Sochi, Russia: Russian war planes pounded Syrian rebels unaffiliated with Daesh on Sunday, insurgents said, helping Moscow’s ally Bashar Al Assad reclaim territory and dealing a fresh setback to the strategy of Washington and its allies.

The Syrian Observatory for Human Rights, a group that monitors the 4-year-old conflict, said the Syrian military and its Lebanese Hezbollah militia allies had taken control of Tal Skik, a highland area in Idlib province, after fierce Russian bombing.

That brings Syrian government forces closer to insurgent-held positions along the main highway that links Syria’s principal cities. The area is held by a rebel alliance that excludes Daesh.

“The coming battles are going to be ferocious, the Russians are using scorched earth policy and they are hitting the targets very accurately but this is a battle of destiny,” said Abu Hamed, the head of the military bureau of Jabhat Sham, an insurgent group that operates mainly in Hama province.

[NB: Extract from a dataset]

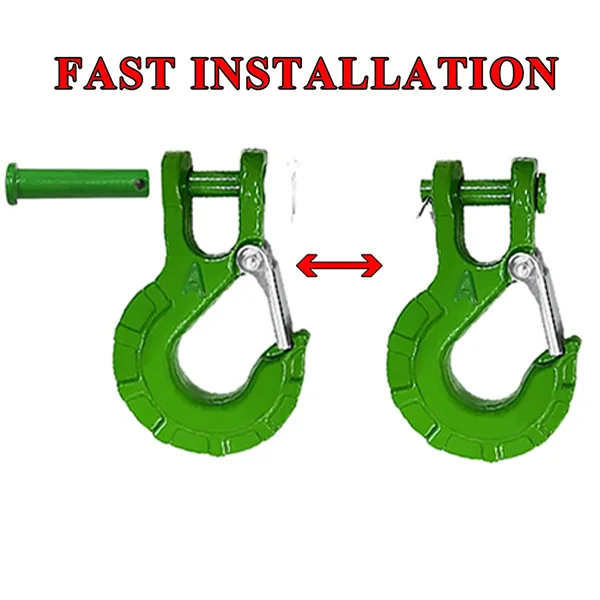 Heavy Duty G70 Alloy Steel Drop Forged Recovery Tactical Clevis Hook Galvanized Zinc Heavy Industry Towing Winch Hook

“We are fighting for our very existence and so this is why our fighters are exhibiting heroism and fighting for our beliefs against the Russian occupiers,” he said.

The Syrian army had made advances from the towns of Mourek and Atshan in Hama province using tanks, heavy artillery and new surface-to-surface missiles, he said.

Russia’s Defence Ministry said on Sunday its planes had flown 64 sorties, striking 63 targets and destroying 53 fortified positions in the last 24 hours. As in the past, it described all targets as belonging to Daesh, although most of the areas it said it struck are not held by that group.

Syrian state television also reported the capture of Tal Skik after an “extensive military operation” backed by Russian air strikes against “terrorist organisations” in the area.

However, the advance came at a cost, with the Observatory and a Lebanese television station reporting that a senior Hezbollah commander was killed in the battle while fighting on the Syrian government’s behalf.

In recent days, Russia has dramatically intensified its 10-day-old bombing campaign. The Russian bombing has been accompanied by a major advance led by Syrian government forces, backed by thousands of Lebanese Hezbollah militiamen and hundreds of Iranian troops, shifting the balance of power in the civil war.

Russia’s intervention has infuriated Al Assad’s regional foes, including most Arab countries and Turkey.

In his biggest effort yet to reach out to Al Assad’s Arab foes, Russian President Vladimir Putin met His Highness Shaikh Mohammad Bin Zayed Al Nahyan, Crown Prince of Abu Dhabi and Deputy Supreme Commander of the UAE Armed Forces.

At the meeting on the sidelines of a Formula One motor race in Russia’s Sochi resort, Putin said he welcomed the opportunity to discuss security in the region, particularly in the light of bombings on Saturday that killed up to 128 people in Turkey.

In a television interview quoted by Interfax news agency, Putin said he did not want to take sides in a religious conflict in Syria. Al Assad is a member of the Alawite minority sect derived from Shiite Islam, and his regional allies are Shiites, while Sunni states oppose him and mainly back the rebels.

Turkey, a Nato member which has accused Russian aircraft of violating its air space during the bombing campaign, said Syrian jets and missile systems had harassed its fighters at the border on Saturday in the latest incident.

Moscow said its officials had held a second video conference with counterparts from the United States to ensure that flights would be safe. The former Cold War foes are both flying combat missions in the same air space for the first time since World War Two.

The Russian intervention has upended the strategy of the US administration of President Barack Obama, which has led a separate bombing campaign against Daesh for a year but failed to establish strong ties with fighters on the ground.

Washington and Moscow say they have the same enemy in Daesh, the world’s most violent terrorist group, which/shas set up a caliphate in much of eastern Syria and northern Iraq. But they have very different friends.

Washington and its European and Middle Eastern allies oppose the Syrian president and believe he should leave power in any peace deal, while Moscow supports Al Assad and says his government should be the centrepiece of international efforts to fight extremism.

Washington has announced in recent days that it is abandoning a failed effort to train “moderate” rebel groups opposed to both Al Assad and Daesh. Other rebels fighting against Al Assad are equipped and trained by Washington’s Arab allies and range from secular nationalists to Islamist militants affiliated with Al Qaida.

In recent days, Daesh terrorists have taken advantage of the Russian attacks on rival rebel groups to advance near Aleppo in the north of Syria, the Observatory and sources on the ground say. The Observatory said there was fighting on Sunday between Daesh and other rebels in that area, although no change in positions since Saturday.